All arguments have defaults and are therefore optional. Here, data_dir defaults to ~/Data/MNIST.

After running mnist.py to download the data, we can load it with (for example)

import mnist
outs = mnist.load_split(val=True, permute=True, normalize=True, num_val=2000)
train_images, train_labels, val_images, val_labels = outs

copyproblem.py, additionproblem.py, mnist.py give immediate access to data for the copy problem, addition problem, and MNIST tasks.

Unfortunately we can't give immediate access to TIMIT because it's not freely available. Instead, timit.py processes the NIST Speech Disc CD1-1.1 release to form the standard train, val, test sets (see paper or code for details). timitphonemerec.py then processes this data further, producing MFCC coefficients etc. Finally timitphonemerec provides the same load_split functionality as elsewhere.

Training

See copyproblem_train.py, additionproblem_train.py, timitphonemerec_train.py, and mnist_train.py. Each is an executable for training and exporting summaries / results on the train and val sets.

Example:

(python3.5)rdipiet2@thin6 mist-rnns $ python3 mnist_train.py -h
usage: mnist_train.py [-h] [--data_dir DATA_DIR] [--debug DEBUG]
                      [--permute PERMUTE] [--layer_type LAYER_TYPE]
                      [--activation_type ACTIVATION_TYPE]
                      [--num_hidden_units NUM_HIDDEN_UNITS]
                      [--optimizer OPTIMIZER] [--learning_rate LEARNING_RATE]
                      [--optional_bias_shift OPTIONAL_BIAS_SHIFT]
                      [--num_pre_act_mixture_delays NUM_PRE_ACT_MIXTURE_DELAYS]
                      [--trial TRIAL]

Train an RNN for sequential (possibly permuted) MNIST recognition.

optional arguments:
  ...

Again, all arguments have defaults and are therefore optional. layer_type can be any layer from layers.py: SimpleLayer, LSTMLayer, GRULayer, or MISTLayer. Similarly, optimizer can be any optimizer from optimizers.py, which right now includes ClippingGradientDescentOptimizer and ClippingMomentumOptimizer, where in both cases 'clipping' really refers to thresholded scaling (see Pascanu et al., 2013)
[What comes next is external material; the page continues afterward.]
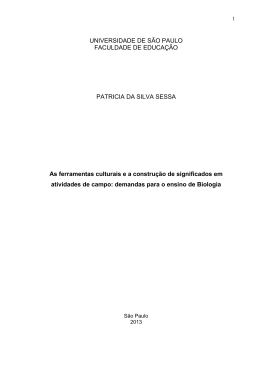 As ferramentas culturais e a constru&ccedil;&atilde;o de significados em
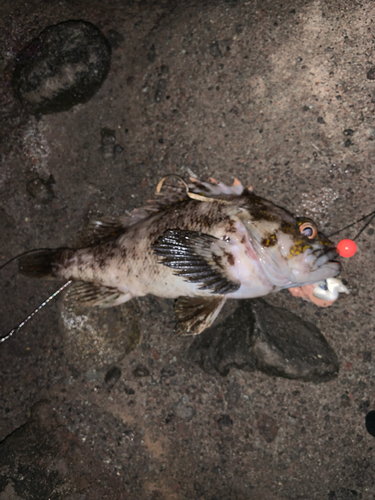 ハチガラの釣果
All TensorBoard summaries / models / other status files are written to DATA_DIR/results/dir_with_params_in_the_name. Each run is then contained in its own directory and can be analyzed together by navigating to DATA_DIR/results with TensorBoard.
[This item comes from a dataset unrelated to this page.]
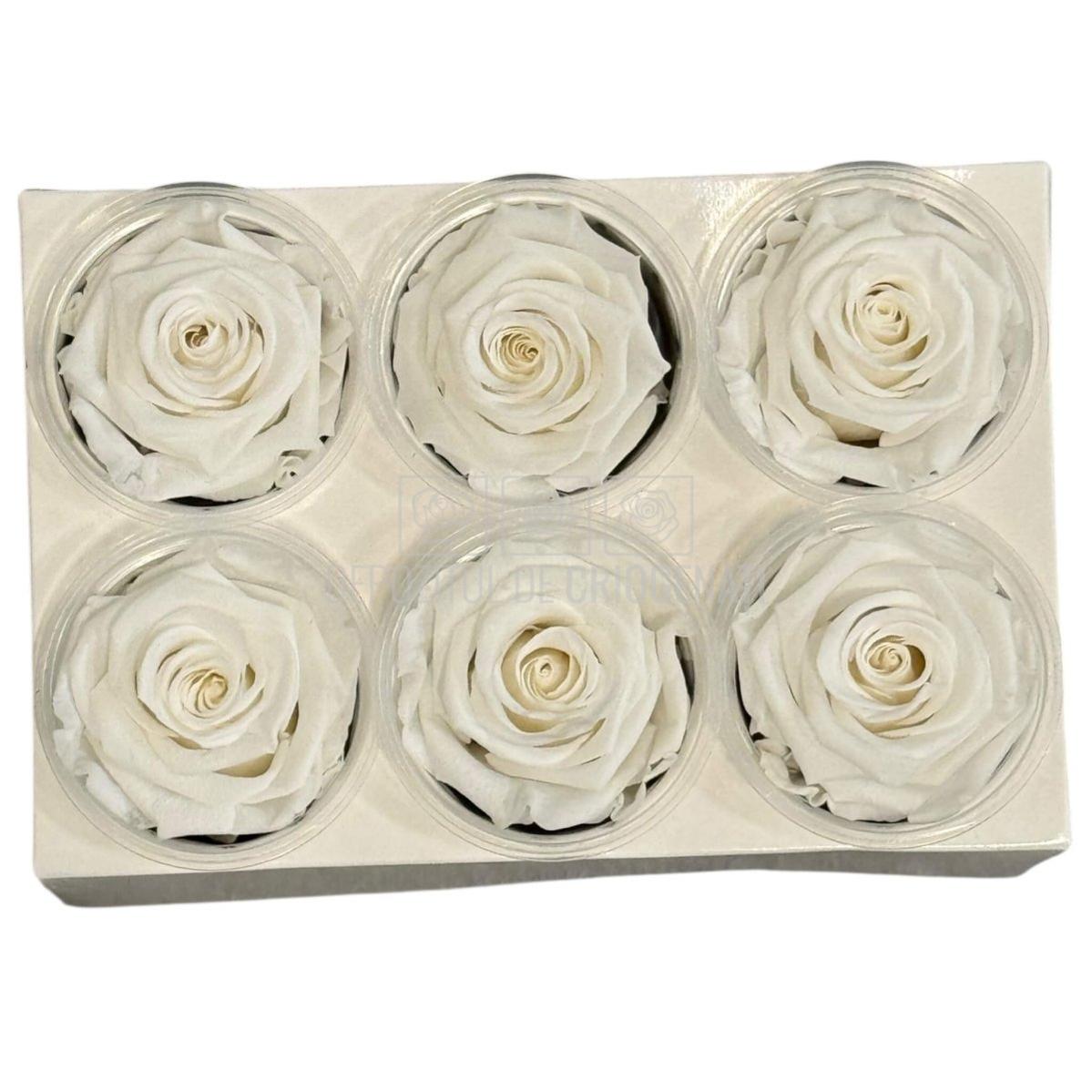 Trandafiri Criogenati Lulu L ANGELICAL WHITE (dia. 6-6,5cm, set 6 buc)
Important note: Do not run training with the default learning rate and expect to see reasonable results. All models are sensitive to learning rate; see the paper for good choices for various task, method pairs.

Batch Runs

See batch_runs/, which includes copyproblem_template.sh, additionproblem_template.sh, timitphonemerec_template.sh, and mnist_template.sh. By default, each run uses a learning rate sampled randomly in log space over 10^-4 and 10^1.

Testing

See timitphonemerec_test.py and mnist_test.py.

Example:

(python3.5)rdipiet2@thin6 mist-rnns $ python3 mnist_test.py -h
usage: mnist_test.py [-h] [--data_dir DATA_DIR] [--results_dir RESULTS_DIR]

Test an RNN for sequential (possibly permuted) MNIST recognition.

optional arguments:
  ...

Here, results_dir is required, and must must be one of the directories created during training, which contains TensorBoard summaries, a saved model, etc.

Utils

See utils.py. This contains various helper functions to traverse examples epoch by epoch, to pad sequences, to form batches for full BPTT or truncated BPTT, etc.

Additional Notes

You may see slow performance if you use CPUs rather than GPUs. In particular, TensorFlow for some reason leads to ~40% CPU utilization, and a trace shows that the bottleneck is element-wise multiplication. If you resolve this issue with compilation options, or if you implement MIST RNNs in Theano, Torch, etc., please let us know.

We used Nvidia K80s for all experiments.

Dependencies

Python 3 is required.

This code was upgraded to be compatible with the official TensorFlow 1.0 release, and was tested with this same version. It can be obtained via pip install tensorflow-gpu==1.0.0.

Also, if you want to extract MFCC coefficients etc. for TIMIT, you'll need python-speech-features. We used version 0.4, which you can get via pip install python-speech-features==0.4.